Repeat every line of the data exactly, but not the pictures.

- Information supplied -
○ ○ ○ ○ ○

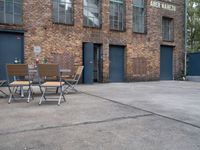 an old brick building with chairs in front and tables outside of the building next to the doorway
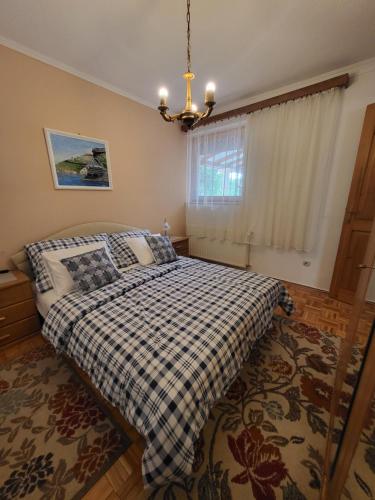 a bedroom with a bed with a checkered blanket at Patkóház in Keszthely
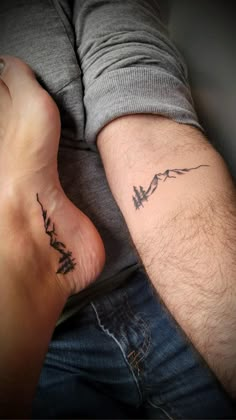 two people with matching tattoos on their arms, one is holding the other's leg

○ ○ ○ ○ ○

- Result of this task -
 an old brick building with chairs in front and tables outside of the building next to the doorway
 a bedroom with a bed with a checkered blanket at Patkóház in Keszthely
 two people with matching tattoos on their arms, one is holding the other's leg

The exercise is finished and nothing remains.